Regulated financial activities include:
The principal regulators are the BOT, the Ministry of Finance, the SEC and the OIC, each overseeing activities within their respective mandates.
In terms of foreign entities conducting financial services in Thailand, foreign financial service providers and Thai entities with majority foreign ownership are also regulated under the Foreign Business Act B.E. 2542 (1999) (FBA), which requires that a foreign business licence or foreign business certificate be obtained prior to undertaking certain activities in Thailand. One of the key restricted businesses includes the provision of “other service businesses”. The term “services” is broadly interpreted by the Department of Business Development, Ministry of Commerce (DBD) and may include the aforementioned financial activities, subject to certain exceptions.
From a regulatory perimeter perspective, the level of supervision depends on the nature of the business activity. Some activities require only notification or registration, while others require a licence or formal regulatory approval from the relevant authority before commencing operations.
In general, if financial services or products do not have a Thai nexus – ie, they are not offered to Thai residents and are not marketed or conducted within Thailand – such activities may fall outside the Thai regulatory regime.
While foreign financial service providers and Thai entities with majority foreign ownership remain subject to the licensing requirements under the FBA, certain financial services regulated under other specific regulations (eg, commercial banks under the FIBA, securities business under the SEC Act, and insurance companies under the Insurance Acts) are exempted from being considered “other service businesses” under the FBA.

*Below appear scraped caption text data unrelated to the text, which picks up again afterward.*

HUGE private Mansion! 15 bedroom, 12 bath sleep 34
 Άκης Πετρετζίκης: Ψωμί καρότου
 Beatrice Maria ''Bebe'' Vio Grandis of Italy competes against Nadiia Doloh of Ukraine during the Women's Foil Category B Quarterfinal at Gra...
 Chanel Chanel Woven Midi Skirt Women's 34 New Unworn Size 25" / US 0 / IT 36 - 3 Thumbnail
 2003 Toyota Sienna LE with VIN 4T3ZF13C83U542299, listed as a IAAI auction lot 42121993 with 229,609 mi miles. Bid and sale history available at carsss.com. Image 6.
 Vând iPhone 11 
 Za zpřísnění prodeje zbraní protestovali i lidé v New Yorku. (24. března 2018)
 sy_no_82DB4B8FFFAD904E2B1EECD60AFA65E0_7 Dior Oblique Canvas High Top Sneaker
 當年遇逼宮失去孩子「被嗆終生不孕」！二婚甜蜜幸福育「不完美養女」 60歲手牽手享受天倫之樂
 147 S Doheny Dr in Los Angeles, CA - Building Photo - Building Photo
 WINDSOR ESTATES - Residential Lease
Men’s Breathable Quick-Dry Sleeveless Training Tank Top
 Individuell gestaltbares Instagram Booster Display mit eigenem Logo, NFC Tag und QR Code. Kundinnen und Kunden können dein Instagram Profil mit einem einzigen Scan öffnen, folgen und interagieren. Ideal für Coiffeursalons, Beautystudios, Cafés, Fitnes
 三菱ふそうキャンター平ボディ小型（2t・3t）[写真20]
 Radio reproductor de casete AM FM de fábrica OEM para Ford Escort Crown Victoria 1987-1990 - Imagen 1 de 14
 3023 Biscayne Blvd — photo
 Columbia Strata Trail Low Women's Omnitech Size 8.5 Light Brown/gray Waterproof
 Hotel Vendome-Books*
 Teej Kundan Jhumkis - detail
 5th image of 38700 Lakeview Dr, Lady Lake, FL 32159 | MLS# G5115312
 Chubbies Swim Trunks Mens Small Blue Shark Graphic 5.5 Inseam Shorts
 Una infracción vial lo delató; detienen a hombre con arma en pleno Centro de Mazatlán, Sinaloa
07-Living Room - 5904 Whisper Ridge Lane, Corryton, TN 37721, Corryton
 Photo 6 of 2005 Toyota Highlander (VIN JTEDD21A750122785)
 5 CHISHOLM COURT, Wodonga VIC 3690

For foreign financial services that are not exempted under the FBA, such relevant entities may be eligible to apply for a foreign business certificate instead of a foreign business licence under the FBA if they are classified as promoted businesses under the Investment Promotion Act B.E. 2520 (1977) and have obtained a promotion certificate from the Board of Investment (BOI). The process for obtaining a foreign business certificate is generally less complex and faster than that for obtaining a foreign business licence.
In Thailand, crypto-assets are primarily regulated under the Emergency Decree on Digital Asset Businesses B.E. 2561 (2018), which establishes the overarching framework for the offering, trading and custodial activities of digital assets. The Decree classifies digital tokens as regulated investment instruments and places all digital-asset activities under the supervision of the SEC.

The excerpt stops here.